=== Information provided ===

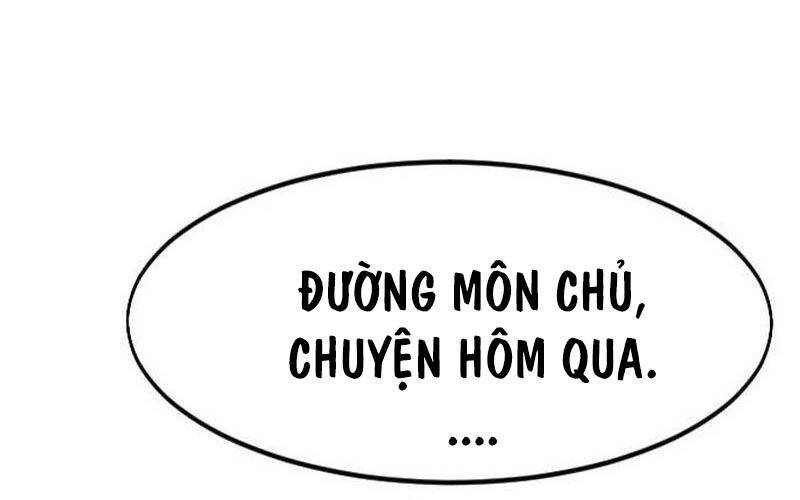 Hoa Sơn Tái Xuất - 128 - /uploads/20240622/0c38418fa7f649f759004287f5b1dc7c/chapter_128/page_78.jpg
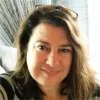 Priscilla Ashline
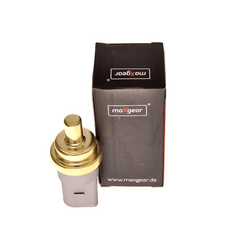 Sensor Kühlmitteltemperatur für ALFA ROMEO AUDI AUSTIN BMW CHRYSLER CITROËN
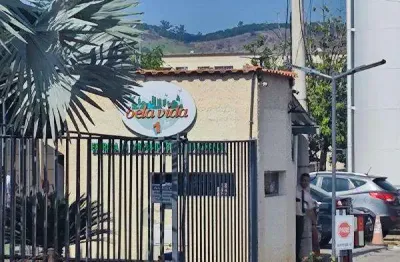 Oportunidade única em rio de janeiro - rj | tipo: apartamento | negociação: venda online  | situação: imóvel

===

The whole listing should be printed again exactly as written, images excluded.

• **Reply to the exercise**
 Hoa Sơn Tái Xuất - 128 - /uploads/20240622/0c38418fa7f649f759004287f5b1dc7c/chapter_128/page_78.jpg
 Priscilla Ashline
 Sensor Kühlmitteltemperatur für ALFA ROMEO AUDI AUSTIN BMW CHRYSLER CITROËN
 Oportunidade única em rio de janeiro - rj | tipo: apartamento | negociação: venda online  | situação: imóvel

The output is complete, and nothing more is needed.